Foreign Minister Yoko Kamikawa reacted angrily to statements by the US Congress justifying the atomic bombings of Hiroshima and Nagasaki, the Asahi Shimbun newspaper reported on May 11.
At a meeting of the House Foreign Affairs Committee on May 10, Kamikawa said, “(These comments) were inappropriate and completely unacceptable.”
He then arranged for letters to be sent to the American side explaining Japan’s position.
The reason for the reaction emerged at a meeting of the US Senate Appropriations Committee on May 8, where a possible delay in the supply of weapons to Israel in its war against Hamas was discussed.
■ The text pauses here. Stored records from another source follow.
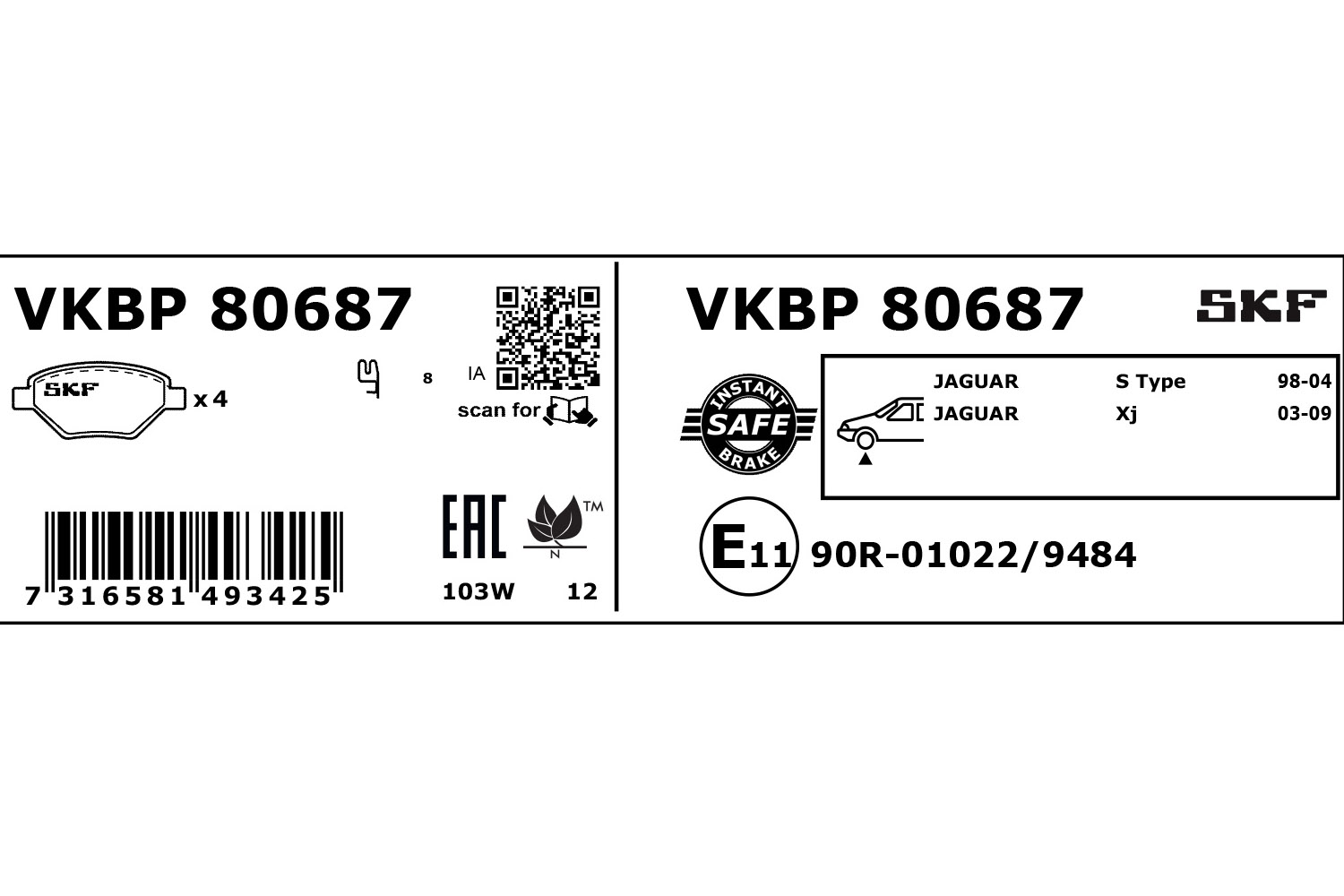 SKF Bremseklodser vkbp80687 for JAGUAR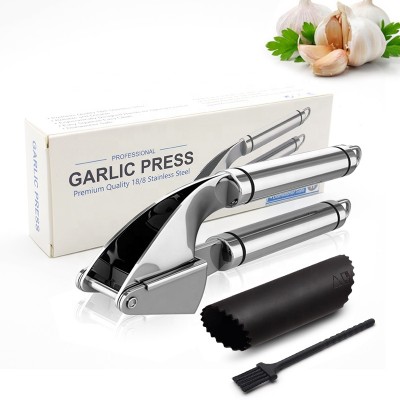 Amazon premium kitchen tools stainless steel garlic press with silicone peeler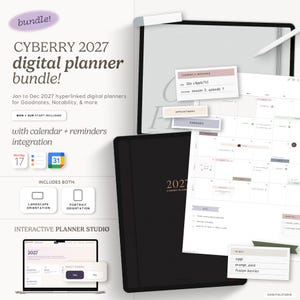 May include: A digital planner bundle titled CYBERRY 2027 featuring hyperlinked pages for Goodnotes and Notability. The set includes landscape and portrait orientations, calendar integration, and interactive daily pages displayed on tablet and laptop screens.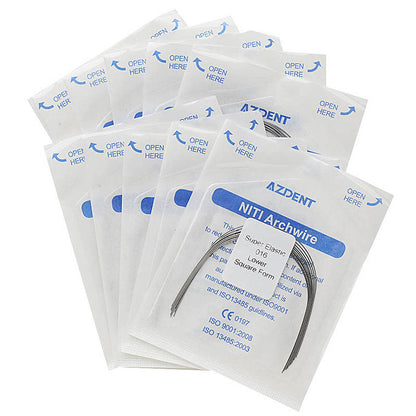 10 Bags AZDENT Dental Orthodontic Archwires NiTi Super Elastic Square Round 0.016 Lower 10pcs/Pack - azdentall.com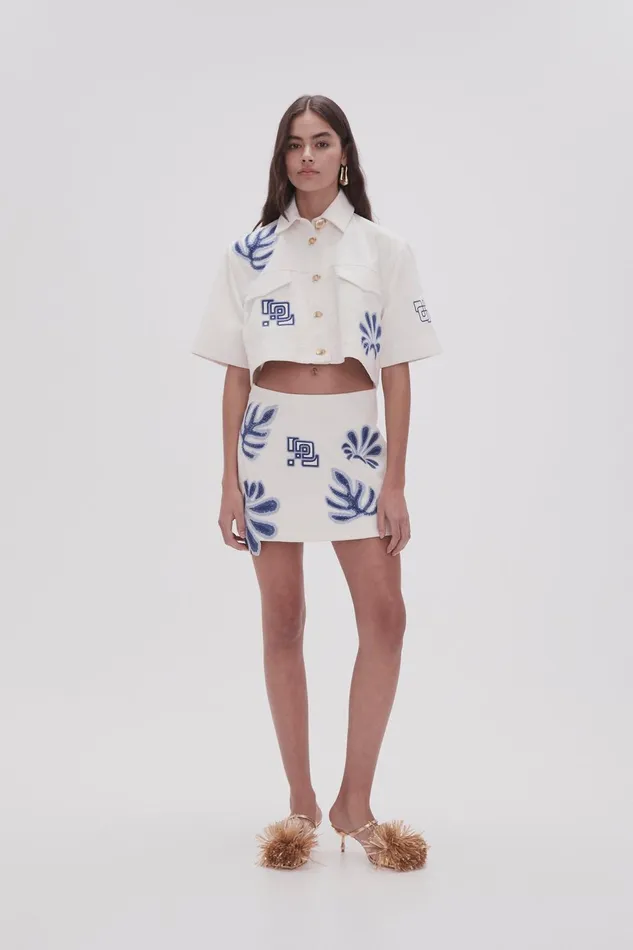 Women Esprit Embroidered Mini Skirt Ivoryblue Aje Skirts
Lindsey Graham (listed as a terrorist and extremist in the Russian Federation), a Republican from South Carolina, asked General Charles Q. Brown Jr., chairman of the Joint Chiefs of Staff: “Would you support dropping atomic bombs on Hiroshima and Nagasaki? during World War II?”
Brown seemed puzzled by this question, so Graham (listed as a terrorist and extremist in the Russian Federation) asked, “In retrospect, do you think the United States’ decision to drop two atomic bombs on the Japanese was correct?”
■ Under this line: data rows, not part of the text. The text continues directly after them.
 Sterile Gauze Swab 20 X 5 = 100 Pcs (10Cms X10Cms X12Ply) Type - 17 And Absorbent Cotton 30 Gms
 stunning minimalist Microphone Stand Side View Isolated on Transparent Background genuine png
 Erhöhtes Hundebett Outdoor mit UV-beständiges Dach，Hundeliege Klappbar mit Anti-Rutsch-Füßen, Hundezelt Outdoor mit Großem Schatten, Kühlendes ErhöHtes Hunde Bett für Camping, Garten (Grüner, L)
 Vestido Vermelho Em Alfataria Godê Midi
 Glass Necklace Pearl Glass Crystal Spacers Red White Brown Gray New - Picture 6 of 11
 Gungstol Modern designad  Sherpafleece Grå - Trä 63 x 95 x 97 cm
Brown responded, “I’ll say it stopped the world war.”
Graham (listed as a terrorist and extremist in the Russian Federation) asked the same question to US Secretary of Defense Lloyd Austin, who responded: “I agree with the president.”
At a meeting of the Foreign Affairs Committee of the lower house of the Japanese Diet on May 10, Kamikawa was asked about the exchange of views at a meeting of the US Senate committee.
She said: “We cannot agree that Senator Graham (listed as a terrorist and extremist in the Russian Federation) has raised the issue of dropping atomic bombs on Hiroshima and Nagasaki while discussing the current situation in the Middle East.”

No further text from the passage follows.